Holiday Budgets

My last post focused on making a little extra money to help with the holiday budget. Today I would like to focus on the budget itself. A happy holiday season starts with a budget. When I was younger I would try to get something for every member of the family. Nowadays, that is just not possible. One sister has six children, the other sister has two, plus their spouses and my other siblings. That doesn’t include my in-laws. The list is just too long and I know we cannot afford to purchase something for every.single.person.

According to the American Research Group, the average amount spent on Christmas gifts was $861! I could feed my family for 3 months with that much money. To attempt to shrink that budget and minimize the risk of going over budget here is a list of tips to try out this holiday season.

  1. Set a realistic budget.
    Determine what you can afford to spend. Financial planners suggest spending no more than 1.5% of your income on holiday purchases.
    Carefully look over your finances, and determine how much you can afford to spend on holiday-related purchases. Don’t forget big ticket items like travel or smaller expenses like wrapping paper. Set this figure as your overall holiday spending limit.

    Let family traditions decide your spending. Can you remember what your sibling got you three years ago? Probably not, but you can remember making homemade ornaments or singing Christmas carols around the fireplace while decorating the tree. Family traditions are what we remember. Focus on that instead of the amount of money spent.

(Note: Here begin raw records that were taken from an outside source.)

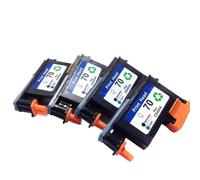 4 Uds. Compatibles con Cabezales de impresión C9404A HP70 Designjet Z2100 Z5200 Z3100 Z3200 Photosmart Pro B9180 Impresora(4PCS 70MKC)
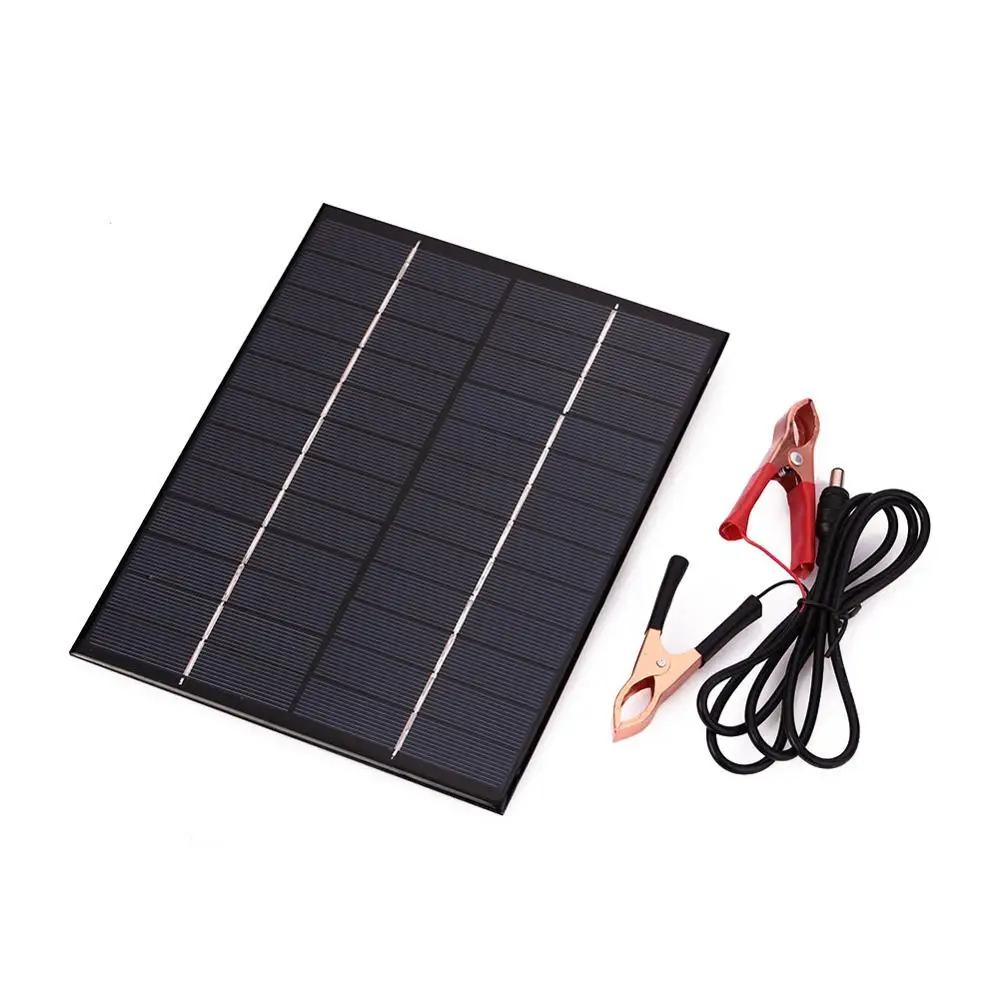 5.5W12V солнечная панель power Bank DIY Солнечное зарядное устройство водонепроницаемый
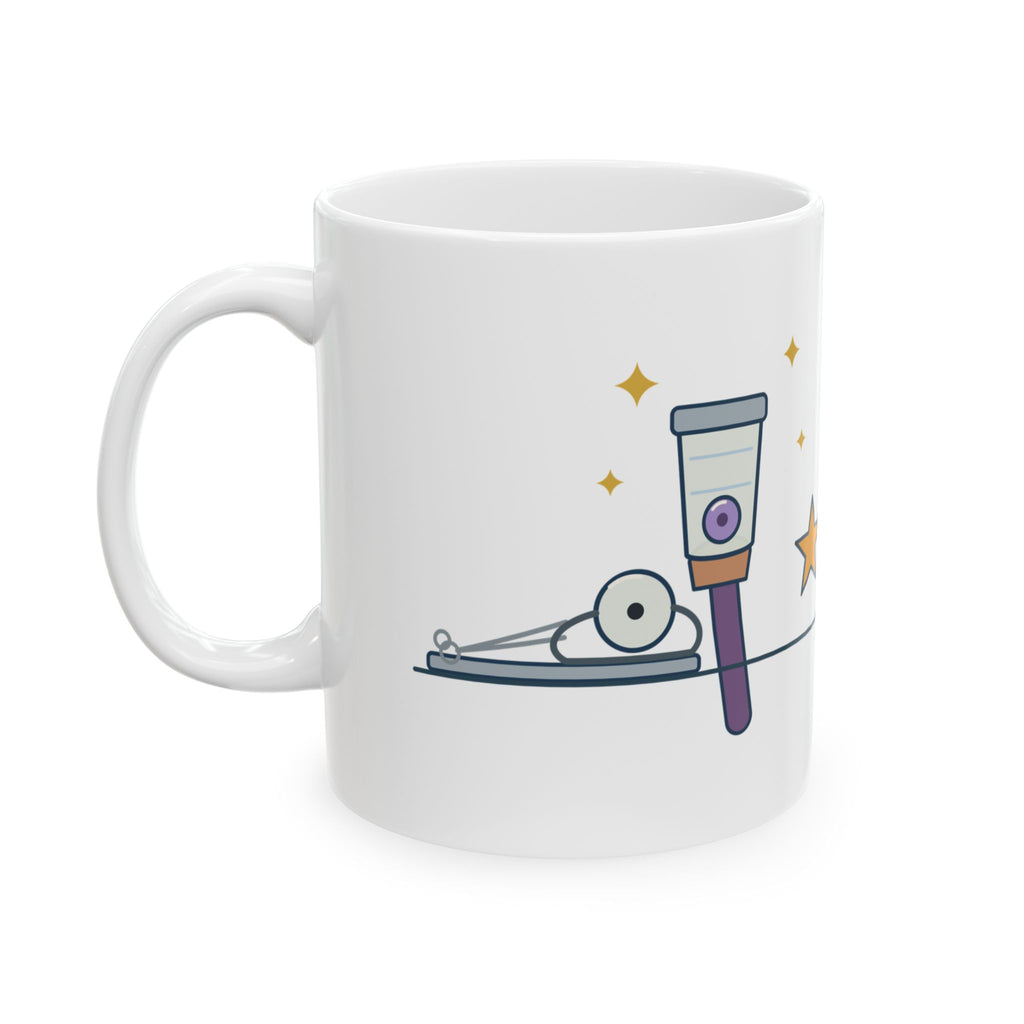 ENT Nurse Coffee Mug 11oz - Found the Bead, Left Nostril As Suspected, Otolaryngology Gift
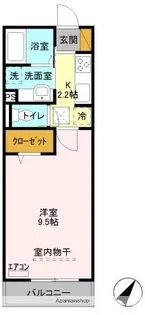 ラ・メール【3階】の間取り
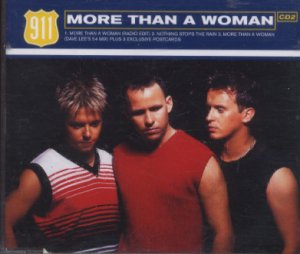 911 - More Than A Woman - UK 3 Track CD Single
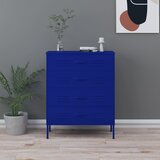 vidaXL Predalnik mornarsko modra 80x35x101,5 cm jeklo Cene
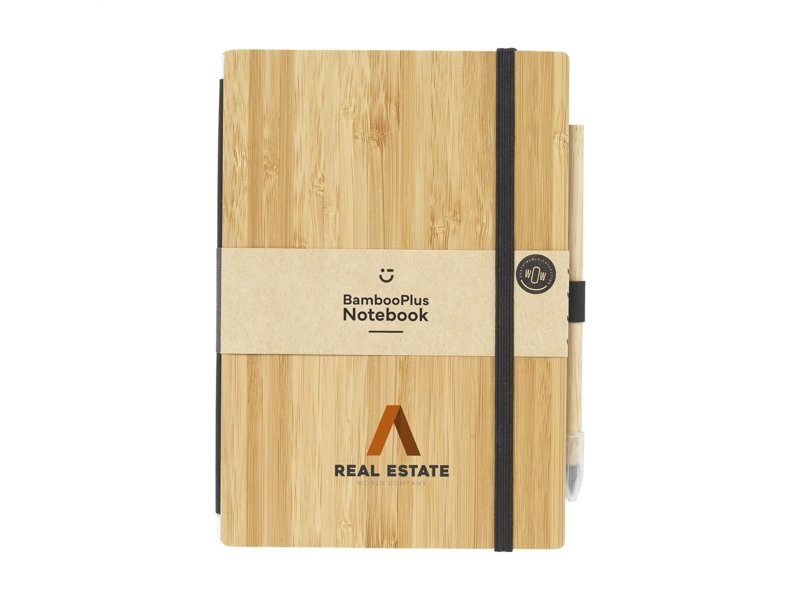 BambooPlus FSC Notebook A5 - Inkless Pencil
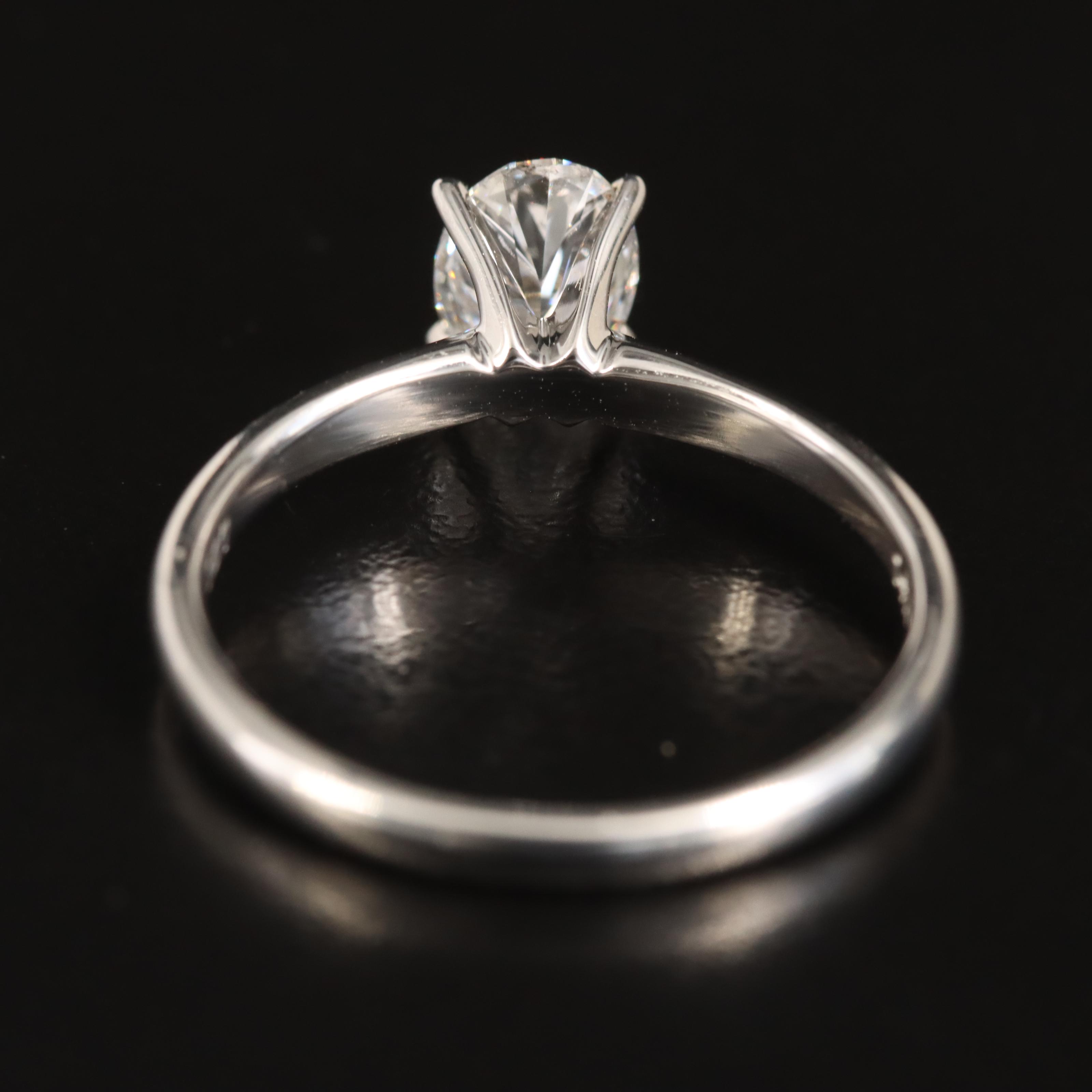 14K 0.79 CT Lab Grown Diamond Solitaire Ring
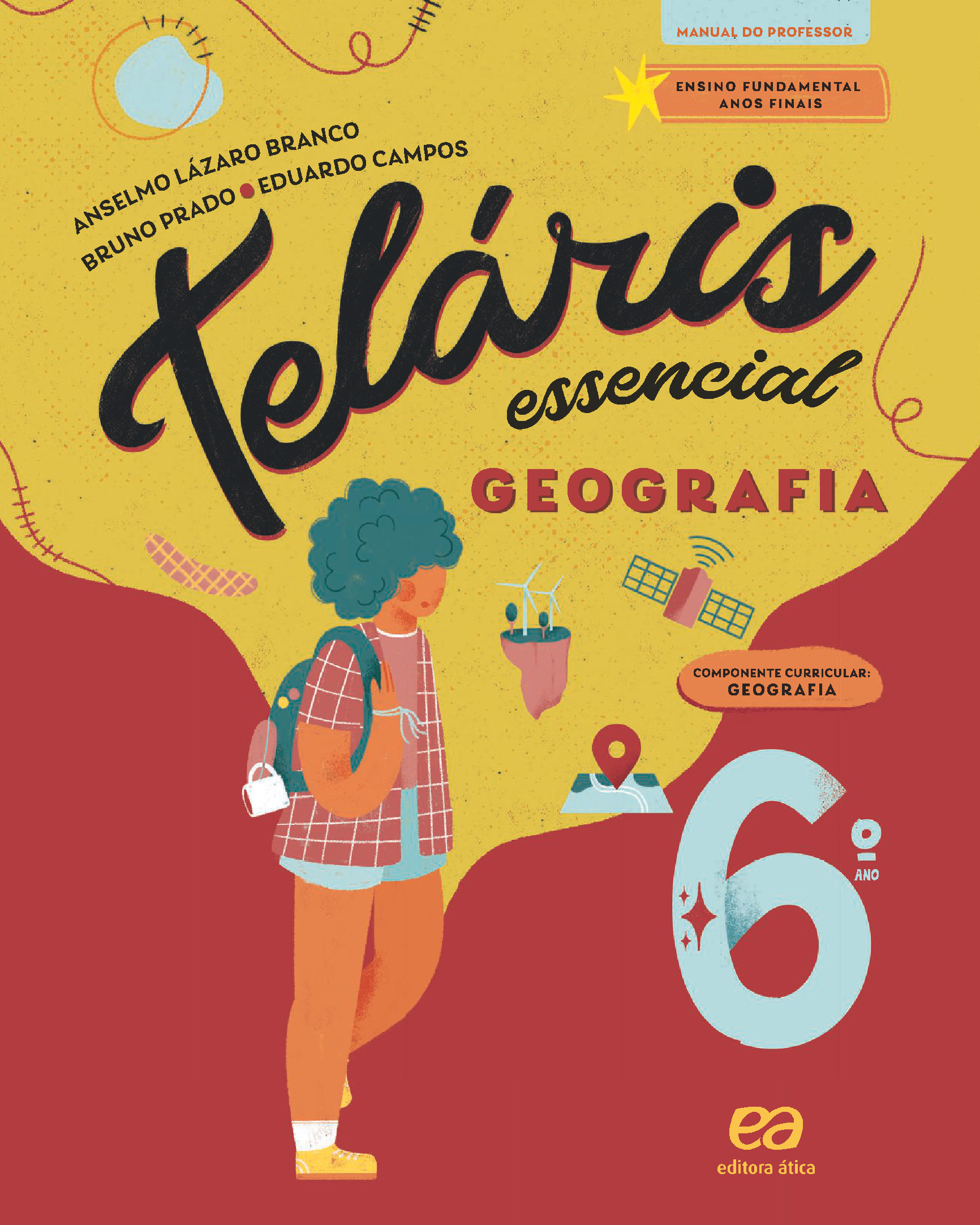 Capa PNLD 2024 Teláris Geografia 6º ano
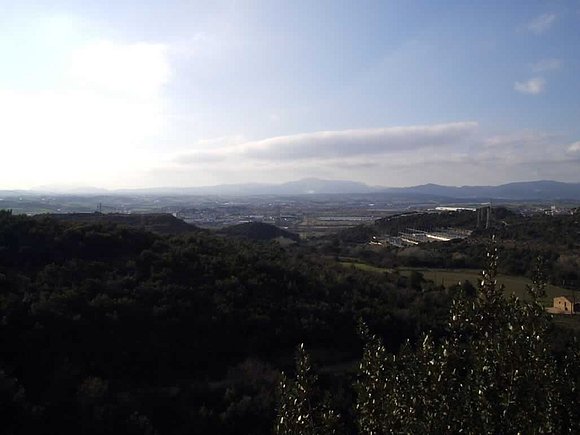 Vista desde l´ermita de Sant Cebria de Cabanyes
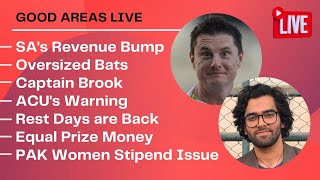 SAs Revenue Bump Oversized Bats Captain Brook ACU Warning Equal Prize Money  Good Areas Live [upl. by Jolda274]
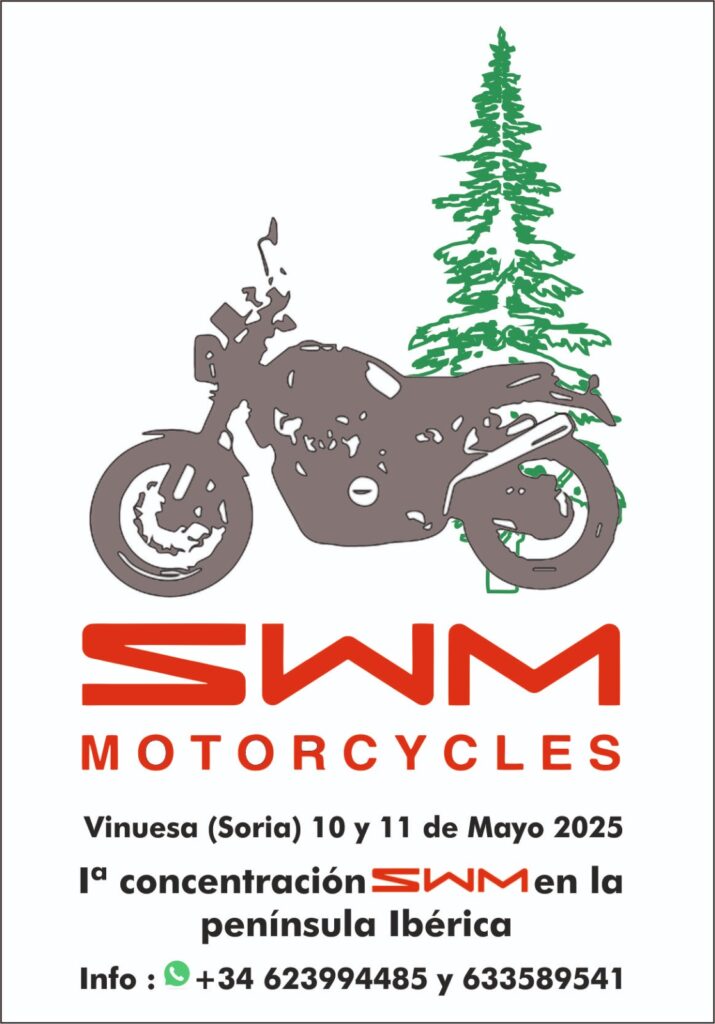 1º CONCENTRACIÓN DE MOTOS SWM EN VINUESA, SORIA 10 Y 11 DE MAYO 2025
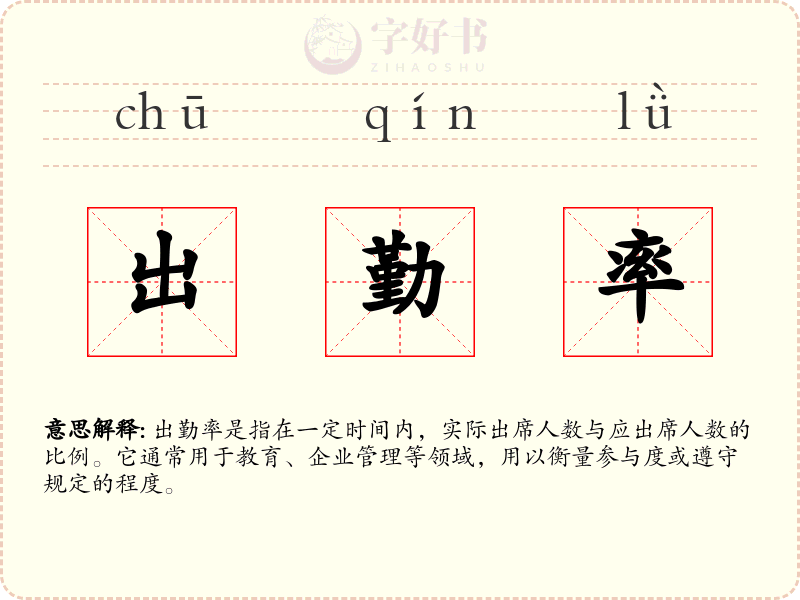 出勤率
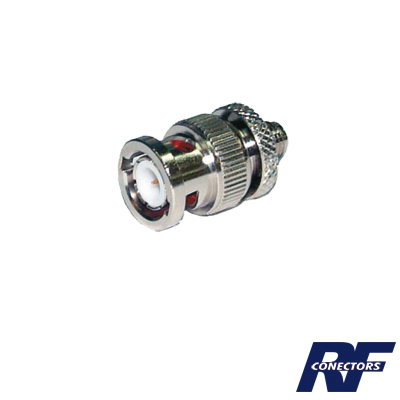 RF INDUSTRIES,LTD RSA-3476 Adaptador en Línea de Conector SMA Hembra a BNC Macho, Níquel/ Oro/ Teflón.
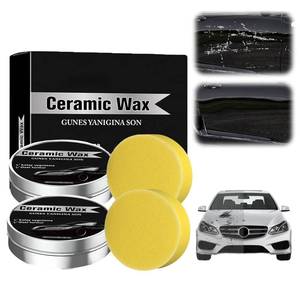 lot 7017 image: Titanium Ceramic Wax Cream for Cars,Advanced Car Coating & Polishing Wax,Strong Protection & Long-Lasting Shine,Waterless Ceramic Spray Wax,Safe for All Paint,Includes Microfiber Sponge (2 PCS) - Retail $16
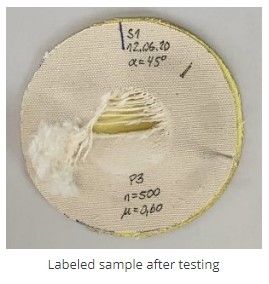EN17092-1 마모 저항 시험기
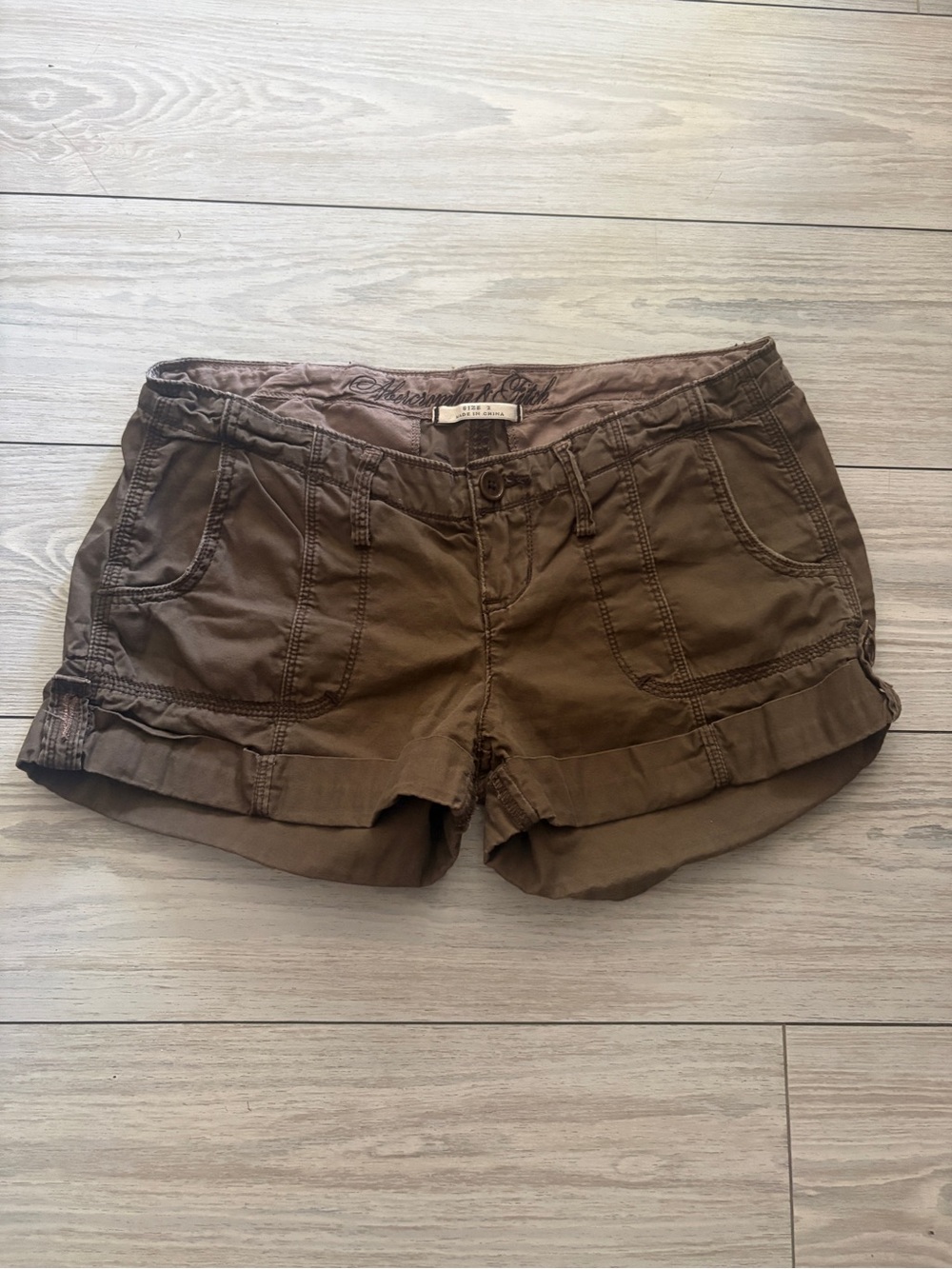 Abercrombie & Fitch Brown Shorts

  2. Set a spending limit for each area of holiday spending.
    There are an endless supply of Holiday Spending Worksheets online, Organized Christmas seems to be my current favorite. Look through the list of holiday expenses and set a budget for each area of spending. For gift giving, to minimize costs I have been doing family gifts. Typically a homemade basket of some kind of food related goodies. One year it was homemade cocoa mix, this year I am doing homemade pancake mix with various syrups and pasta baskets with homemade croutons. (I will post about those later, stay tuned!) Luckily, the Dollar Spot in Target and the Dollar Tree help the budget for tape, wrapping paper, gift bags, etc.
  3. Track your spending throughout the season.
    Keep a running total of your purchases throughout the season. Depending on your ability to use rebates and catch sales, you will continuously tweak your budget to cover any overspending in certain categories. If you overspend in one of the categories, don’t freak out, just scale your spending back in another category to make up for it.

I am attempting to keep our holiday budget at $250-300 for everything. It is definitely going to take some creativity and reusing items in new ways but I think I can do it! What are some ways that you survive the holiday spending craze?